- _WHAT TO WORK ON_: Lines from the one containing "メルセデス・ベンツ Ａ２００ｄ AMGライン" through the end of the entries below: set them down exactly, both ends included, with nothing added.

Short text fragments from websites
:::::
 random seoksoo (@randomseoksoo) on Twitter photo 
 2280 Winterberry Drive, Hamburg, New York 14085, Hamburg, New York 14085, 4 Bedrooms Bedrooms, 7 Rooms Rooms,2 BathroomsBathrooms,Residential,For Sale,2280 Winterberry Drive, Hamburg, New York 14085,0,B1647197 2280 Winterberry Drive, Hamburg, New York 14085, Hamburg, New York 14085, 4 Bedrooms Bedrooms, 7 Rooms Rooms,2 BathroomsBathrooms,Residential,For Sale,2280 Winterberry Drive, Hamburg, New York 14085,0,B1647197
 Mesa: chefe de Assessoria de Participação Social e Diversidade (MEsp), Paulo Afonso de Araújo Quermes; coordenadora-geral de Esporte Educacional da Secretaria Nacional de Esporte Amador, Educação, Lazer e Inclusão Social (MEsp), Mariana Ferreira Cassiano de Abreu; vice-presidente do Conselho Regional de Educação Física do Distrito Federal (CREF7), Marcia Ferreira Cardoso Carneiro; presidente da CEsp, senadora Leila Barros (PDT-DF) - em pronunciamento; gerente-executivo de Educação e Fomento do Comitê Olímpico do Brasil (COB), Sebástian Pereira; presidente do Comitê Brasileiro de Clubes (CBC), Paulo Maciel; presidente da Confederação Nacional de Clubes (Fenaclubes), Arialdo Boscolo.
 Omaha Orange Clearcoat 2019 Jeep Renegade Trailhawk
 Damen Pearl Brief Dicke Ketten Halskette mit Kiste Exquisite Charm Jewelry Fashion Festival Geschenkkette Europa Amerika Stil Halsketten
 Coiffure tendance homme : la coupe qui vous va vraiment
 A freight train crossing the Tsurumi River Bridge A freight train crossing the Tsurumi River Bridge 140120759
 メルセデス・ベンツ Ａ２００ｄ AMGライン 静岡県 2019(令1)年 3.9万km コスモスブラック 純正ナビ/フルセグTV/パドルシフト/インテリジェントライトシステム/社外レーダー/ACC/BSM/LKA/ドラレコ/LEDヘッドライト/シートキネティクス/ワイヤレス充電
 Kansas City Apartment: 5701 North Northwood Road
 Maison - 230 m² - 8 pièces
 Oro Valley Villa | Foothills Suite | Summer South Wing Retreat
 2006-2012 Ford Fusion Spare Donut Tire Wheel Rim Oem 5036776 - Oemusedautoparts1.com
:::::
- _TASK RESPONSE_:
 メルセデス・ベンツ Ａ２００ｄ AMGライン 静岡県 2019(令1)年 3.9万km コスモスブラック 純正ナビ/フルセグTV/パドルシフト/インテリジェントライトシステム/社外レーダー/ACC/BSM/LKA/ドラレコ/LEDヘッドライト/シートキネティクス/ワイヤレス充電
 Kansas City Apartment: 5701 North Northwood Road
 Maison - 230 m² - 8 pièces
 Oro Valley Villa | Foothills Suite | Summer South Wing Retreat
 2006-2012 Ford Fusion Spare Donut Tire Wheel Rim Oem 5036776 - Oemusedautoparts1.com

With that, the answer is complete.